A consagração das ideias de Sampaoli chegaria em 2015. O Chile organizou a Copa America e com uma seleção bem trabalhada em termos táticos e com jogadores desequilibradores na frente como Alexis Sanches, Artur Vidal, Vargas ou Valdívia, ergueram o caneco, vencendo a Argentina na final, nos penáltis.
Sampaoli conquistou a Copa América ao serviço da seleção chilena, em 2015 (Foto Facebook)
Herói nacional no Chile, Sampaoli rejeitou os louros. Em nome dos seus princípios. “Vivemos numa sociedade demasiado individualista e eu prefiro realçar a importância do coletivo. O futebol tem-se transformado cada vez mais num negócio e aquilo que eu procuro é que os jogadores se sintam de volta à sua essência quando jogam pela seleção”. Na apresentação como selecionador argentino repetiu a mesma ideia de compromisso.

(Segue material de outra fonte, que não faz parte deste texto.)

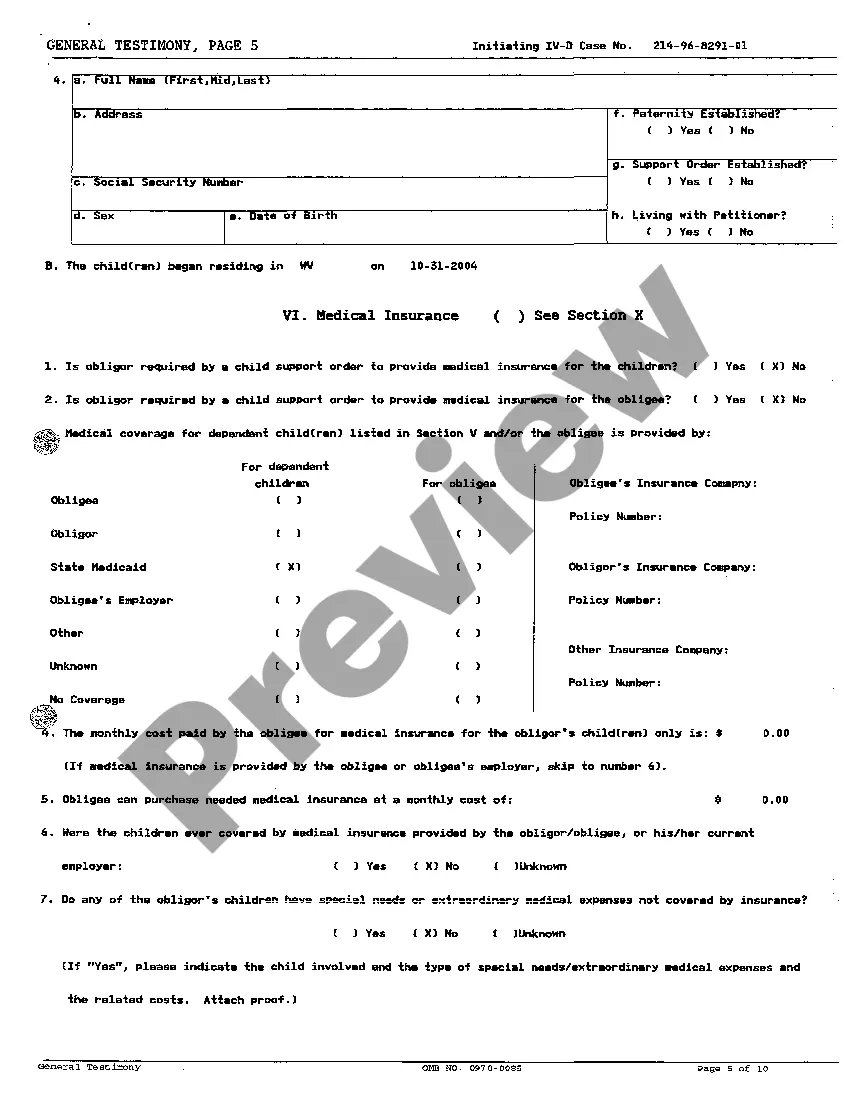 Get A03 General Testimony Preview A03 General Testimony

A história da árvore vai ficando para trás ao longo do percurso de Sampaoli, mas a metáfora mantém-se. O técnico chileno não pára de trepar na carreira. A 11 de janeiro de 2016, Sampaoli é a grande novidade na corrida para melhor treinador do ano concorrendo com dois técnicos da escola do Barcelona, Pep Guardiola (então no Bayern) e Luis Enrique. Este último vence, mas a presença de Sampaoli na short-list é já uma grande vitória para o treinador argentino.
Viciado pelo trabalho, em nome de uma ideia
“San Paoli”, como também lhe chamam na bancada, é um homem simples, modesto, obcecado, dedicado ao máximo, exigente, e comprometido a uma ideia. Porque, como diz, “os sistemas podem-se discutir, podem ser modificados [e com ele, os sistemas mudam…] mas a ideia é que nunca pode mudar”.

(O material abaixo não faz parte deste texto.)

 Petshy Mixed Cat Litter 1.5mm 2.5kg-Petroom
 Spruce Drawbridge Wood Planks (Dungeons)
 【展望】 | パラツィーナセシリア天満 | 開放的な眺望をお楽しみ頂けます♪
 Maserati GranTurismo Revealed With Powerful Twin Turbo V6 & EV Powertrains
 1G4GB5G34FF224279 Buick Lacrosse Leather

Diz quem com ele convive profissionalmente que é um zeloso pela privacidade do seu trabalho e avesso a entrevistas. “Ele é extremamente meticuloso. Zela muito pela privacidade do seu trabalho e é viciado por ele”, comentou o jornalista Cesar Campos, do diário “Las Ultimas Noticias”, de Santiago, o único a conseguir entrevistar Sampaoli fora do Centro de Treinos da Universidad de Chile durante a passagem do técnico pelo clube.
“Eu sou antisocial, não só com a imprensa, mas com todos. Dói-me muito o comportamento humano da atualidade. O egoísmo, o individualismo exagerado. E a necessidade de os meios de comunicação social criarem polémicas por tudo e por nada. Não participo disso, não leio, nem ouço. Excluo-me”, afirmou em entrevista ao jornal “El Mercúrio”, em 2011.

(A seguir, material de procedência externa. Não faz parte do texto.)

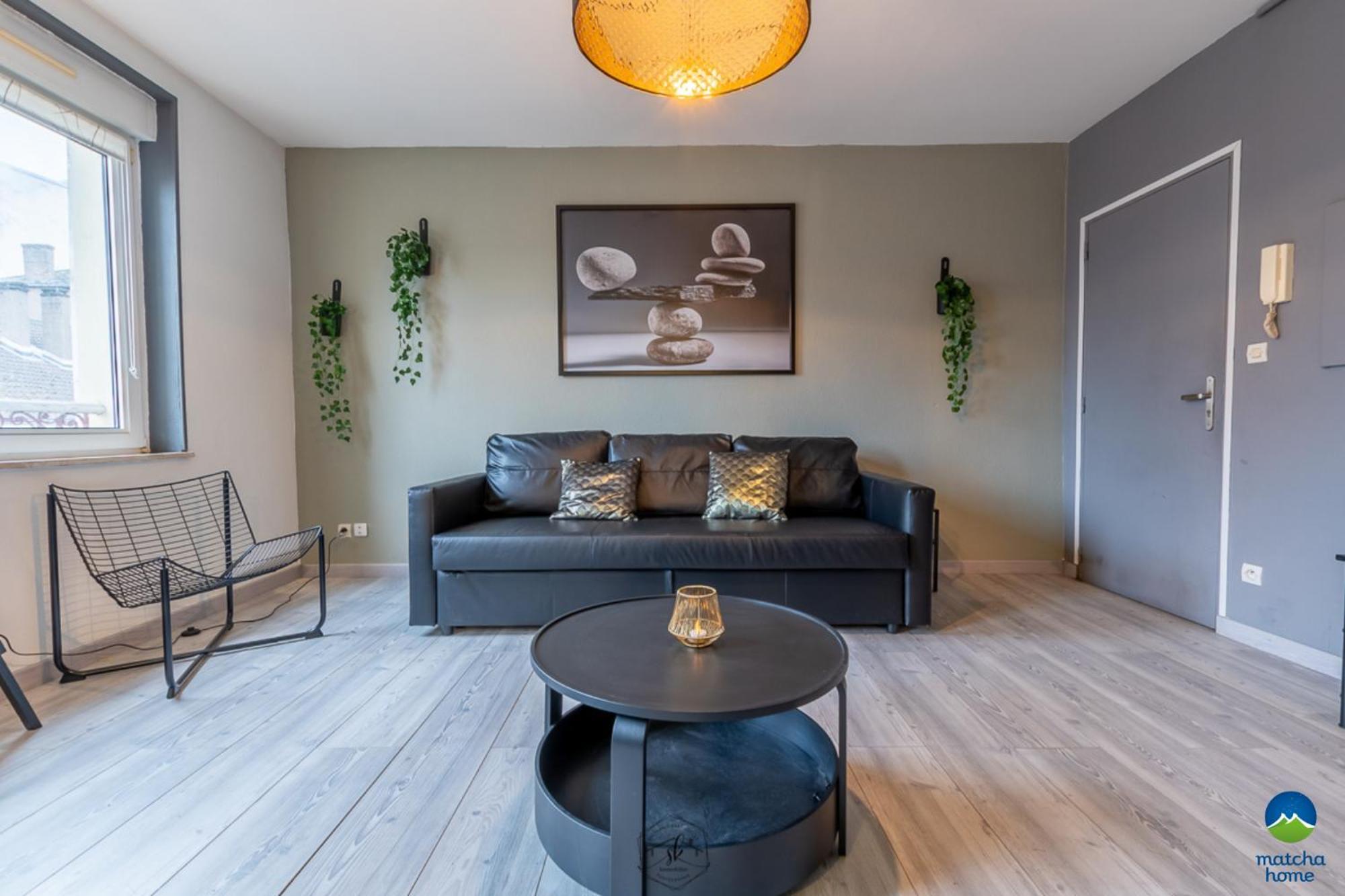 Studio & Appts - 1 A 4 Lits, 1 To 4 Beds - 1 A 7 Pers, 1 To 7 Pax - Confort, Flexibilite Hayange 외부 사진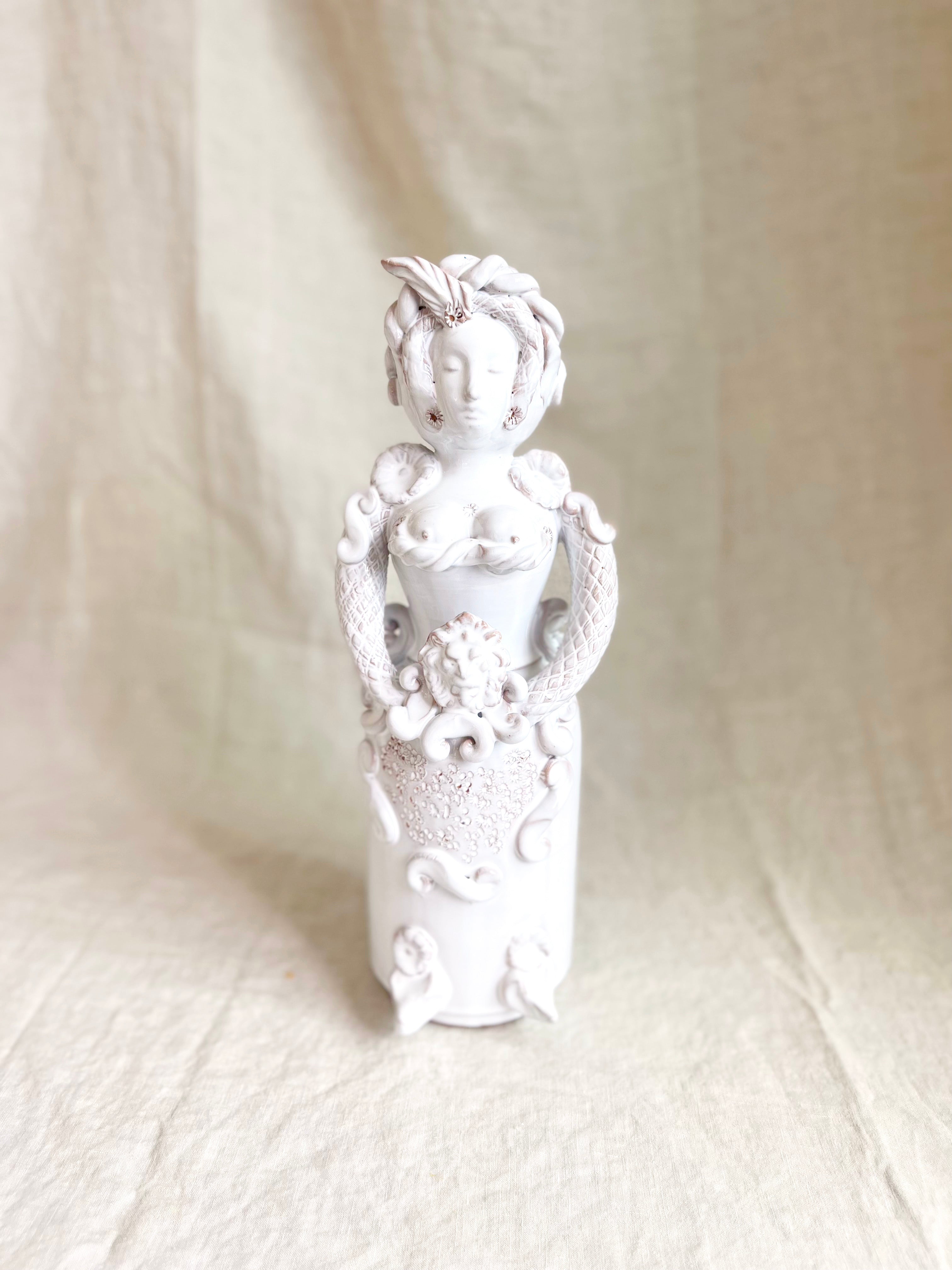 Pupe Candleholder Large - 14" - I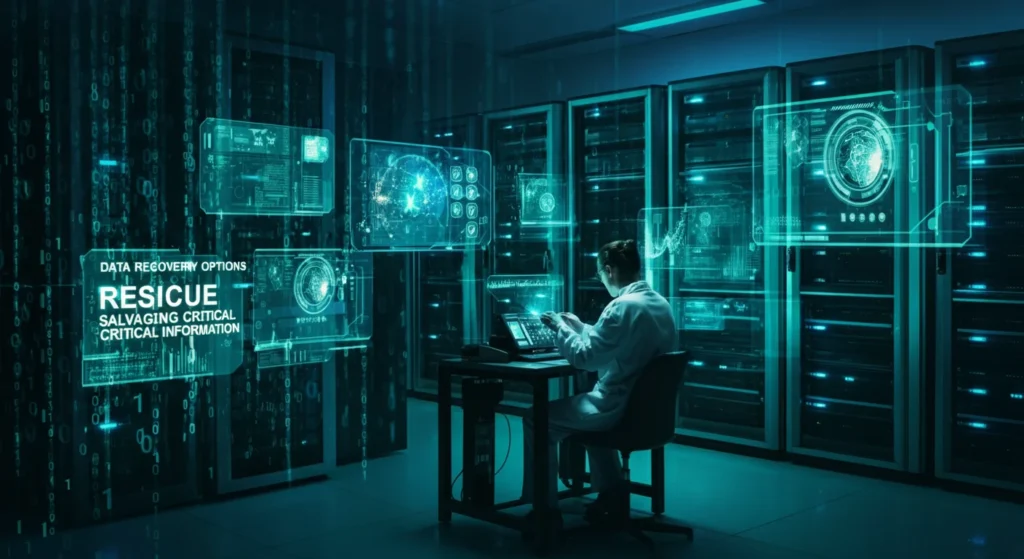 Data Recovery Options: Salvaging Critical Information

Carlos Bilardo, campeão do Mundo em 1986, como selecionador da Argentina, tem opinião contrário sobre Sampaoli. Criticou de forma duríssima a possibilidade do ex-treinador do Sevilha poder vir a treinar a seleção das pampas. “Não serve nem como diretor técnico, nem como pessoa!», afirmou Bilardo, citado pela imprensa argentina e espanhola; e continuou na crítica: “Se Sampaoli vier para a Argentina, apanho um barco e vou para o Uruguai. Felizmente não tenho relação com ele; é amigo de dois ou três jornalistas chilenos, que lhe deram a mão”.
No mediático futebol espanhol, e com o sucesso do Sevilla, tornou-se impossível ficar indiferente ao trabalho deste treinador obsessivo-compulsivo, que vai agora orientar a seleção argentina, capaz de explicar ao pormenor o funcionamento do adversário. Sampaoli respira futebol 24 horas por dia. O vício pelo trabalho (é um ‘workaholic’) e a intensidade com que se dedica a tudo explicam uma das patologias de que padece. Sofre de insónia, dorme no máximo cinco horas por noite. E gostava que não fosse assim. “Para dar à mente o descanso de que necessita para estimular a criatividade”, diz.
Mas enquanto mantiver esta energia (e, somenos importante, uma boa ideia de jogo) que se estende ao banco durante os jogos, o futebol agradece. Messi e companhia também. Para já tem a missão de tentar qualificar a Argentina para o Mundial, depois na Rússia o topo aguarda-o. Mas subir a árvores e contemplar o futebol dali é com ele.